13 Resting BPM

Our hearts pump blood to keep blood circulating all over our body. This keeps the blood going all over every part of your body to supply each part with the nutrients needed like Oxygen and Iron(which makes the blood red). If the heart stops, we die. When we exercise and tire ourselves, the more oxygen and other things like sodium and magnesium is needed in our body, especially in the body part that is exerting effort. The more it these nutrients need to circulate, the blood needs to be pumped by the heart.

What fitness trainers use as a gauge for one’s endurance is the heart rate. There is the resting heart rate which is the rate of your heart in beats per minute(BPM) when you are doing nothing. The lower it is, the fit you are, because it takes a longer time for your heart to reach it’s maximum capacity.

And to improve on this, you need to do aerobic exercises(not necessarily the aerobic class many people think of with a lot of women in spandex). Aerobic exercises is nothing but doing a continuous exercise that will make your heart pump about 65 to 75 percent of your maximum heart rate. Going lower than that is said to not improve your heart rate, and going beyond will just burn you out so fast you can’t do anything anymore.

I remember my resting heart rate back in college to be near the 60 BPM range. Today it is like 80 to 90 mainly because of my type of goiter that I have. I have hypertyroidism where my thyroid gland tells my brain that it needs more blood to be pumped there and my heart goes to work, thus I get tired more easily. There were times that my knees hurt because of the lack of blood going there since my Thyroid gland wants more attention.

But it is getting better now since I do not get any problems with my knees. And maybe because I have been avoiding patis and bagoong which are rich in iodine that I do not need because of my hyperthyroidism.

Well I just thought of talking about this because of my admiration of Lance Armstrong who is veing for his 7th Tour de France win! If he wins that will be tour history for him. 7 consecutive wins is a feat that I think cannot be beaten for a very long time. And I have heard his resting heart rate is 13 BPM! Imagine that? Thinking of the human body as a machine… how is that possible? It is slightly more than 4 seconds for every heart beat. And these nutrients should be spread all over your body to live. That means each pump is strong that it is sufficient enough to supply the body with what ever it needs from the blood.

Well Tour de France started with a time trial, one of Lance’s rivals German Jan Ullrich, a former winner also started out 1 minute earlier than Lance since it is a time trial lap, and Lance pass by Jan! lolz :)) funny.

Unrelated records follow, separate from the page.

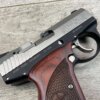 Bulletproof Glock pistol with wood handleâ€”firearm detail from Checkpoint Charlie's historic Berlin Wall site.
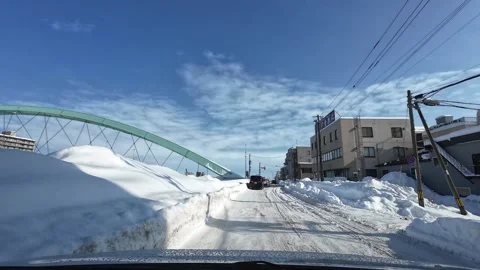 Winter driving to intersection with traffic light Sapporo POV Video stock 333204750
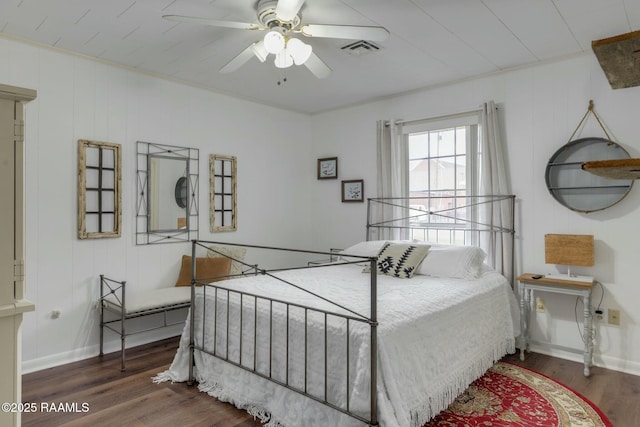 bedroom with visible vents, ceiling fan, baseboards, and wood finished floors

Six-time Tour de France winner and leader of the Discovery Channel cycling team, Lance Armstrong of Austin, Texas, rear right, overtakes T-Mobile team leader Jan Ullrich of Germany, foreground, 3 kilometers (2 miles) before the finish line during the 1st stage of the Tour de France cycling race, a 19-kilometer (11.80-mile) individual time trial between the coastal town of Fromentine and the island of Noirmoutier, western France, Saturday, July 2, 2005. David Zabriskie of the U.S. won the stage in 20 minutes and 51 seconds, Armstrong finished 2 seconds behind and placed second, Ullrich finished in 12th place.
(AP Photo/Pierre Lablatiniere/Pool)

And a surprise time trial win came from American David Zabriskie who has the best time trial performance in the whole history of Tour de France!